Keep to one stretch of the data below, the lines from the one with "17 Gedney Way, White Plains, NY 10605" up to and including the one with "На улице Баумана", and return that stretch exactly.

= Beginning of Section =

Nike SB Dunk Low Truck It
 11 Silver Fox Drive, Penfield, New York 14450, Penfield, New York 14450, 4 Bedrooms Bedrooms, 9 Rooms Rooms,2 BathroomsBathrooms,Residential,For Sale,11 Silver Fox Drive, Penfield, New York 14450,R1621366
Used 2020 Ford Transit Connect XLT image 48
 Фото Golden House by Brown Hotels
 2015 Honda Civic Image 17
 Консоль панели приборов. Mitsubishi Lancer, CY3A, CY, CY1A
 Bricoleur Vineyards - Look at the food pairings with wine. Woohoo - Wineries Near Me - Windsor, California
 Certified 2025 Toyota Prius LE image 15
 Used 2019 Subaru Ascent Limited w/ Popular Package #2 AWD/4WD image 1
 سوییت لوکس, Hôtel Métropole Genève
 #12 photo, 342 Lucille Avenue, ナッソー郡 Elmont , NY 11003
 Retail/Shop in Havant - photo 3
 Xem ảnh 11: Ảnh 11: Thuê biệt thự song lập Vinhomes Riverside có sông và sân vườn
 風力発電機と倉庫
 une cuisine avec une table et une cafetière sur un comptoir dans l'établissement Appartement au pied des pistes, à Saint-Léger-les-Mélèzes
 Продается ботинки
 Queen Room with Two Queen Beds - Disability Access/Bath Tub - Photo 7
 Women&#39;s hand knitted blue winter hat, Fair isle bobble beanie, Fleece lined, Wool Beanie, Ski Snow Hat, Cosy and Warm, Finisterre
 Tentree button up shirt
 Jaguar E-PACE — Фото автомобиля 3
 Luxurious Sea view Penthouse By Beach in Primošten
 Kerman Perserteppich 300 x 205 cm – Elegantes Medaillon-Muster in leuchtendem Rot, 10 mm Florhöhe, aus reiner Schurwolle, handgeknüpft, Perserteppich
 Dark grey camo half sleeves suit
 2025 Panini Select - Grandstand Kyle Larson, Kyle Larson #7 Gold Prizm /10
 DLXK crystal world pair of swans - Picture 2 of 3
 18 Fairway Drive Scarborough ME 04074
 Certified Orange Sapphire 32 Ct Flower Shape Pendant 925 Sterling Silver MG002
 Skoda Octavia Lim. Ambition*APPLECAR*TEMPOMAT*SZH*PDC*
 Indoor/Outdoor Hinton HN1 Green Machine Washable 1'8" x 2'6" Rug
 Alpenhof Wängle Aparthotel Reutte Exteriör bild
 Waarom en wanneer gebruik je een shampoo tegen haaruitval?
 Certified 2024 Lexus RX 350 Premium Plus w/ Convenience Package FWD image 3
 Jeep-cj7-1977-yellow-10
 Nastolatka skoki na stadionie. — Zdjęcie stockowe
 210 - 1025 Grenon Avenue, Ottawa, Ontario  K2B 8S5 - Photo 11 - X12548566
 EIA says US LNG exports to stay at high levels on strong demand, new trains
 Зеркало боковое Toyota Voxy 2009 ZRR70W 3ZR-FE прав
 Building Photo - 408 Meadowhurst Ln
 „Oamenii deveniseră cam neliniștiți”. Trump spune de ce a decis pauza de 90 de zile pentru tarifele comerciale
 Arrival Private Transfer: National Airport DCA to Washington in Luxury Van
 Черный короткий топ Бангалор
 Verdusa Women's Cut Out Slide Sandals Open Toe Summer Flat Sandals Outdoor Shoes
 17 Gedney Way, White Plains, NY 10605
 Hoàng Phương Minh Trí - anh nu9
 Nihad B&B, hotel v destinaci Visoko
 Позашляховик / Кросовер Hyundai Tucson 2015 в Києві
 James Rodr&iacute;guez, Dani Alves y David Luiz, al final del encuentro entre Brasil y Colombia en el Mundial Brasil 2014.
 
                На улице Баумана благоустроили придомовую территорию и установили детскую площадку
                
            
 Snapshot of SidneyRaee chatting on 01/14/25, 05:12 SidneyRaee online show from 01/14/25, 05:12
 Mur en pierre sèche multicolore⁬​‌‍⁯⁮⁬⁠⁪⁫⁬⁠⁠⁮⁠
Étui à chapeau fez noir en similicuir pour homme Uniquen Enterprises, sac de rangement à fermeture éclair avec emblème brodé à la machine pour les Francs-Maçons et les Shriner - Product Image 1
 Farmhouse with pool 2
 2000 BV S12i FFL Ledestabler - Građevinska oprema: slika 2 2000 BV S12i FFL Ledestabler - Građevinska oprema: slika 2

= End of Section =

● OUTPUT FOR THIS EXERCISE:
 17 Gedney Way, White Plains, NY 10605
 Hoàng Phương Minh Trí - anh nu9
 Nihad B&B, hotel v destinaci Visoko
 Позашляховик / Кросовер Hyundai Tucson 2015 в Києві
 James Rodr&iacute;guez, Dani Alves y David Luiz, al final del encuentro entre Brasil y Colombia en el Mundial Brasil 2014.
 
                На улице Баумана благоустроили придомовую территорию и установили детскую площадку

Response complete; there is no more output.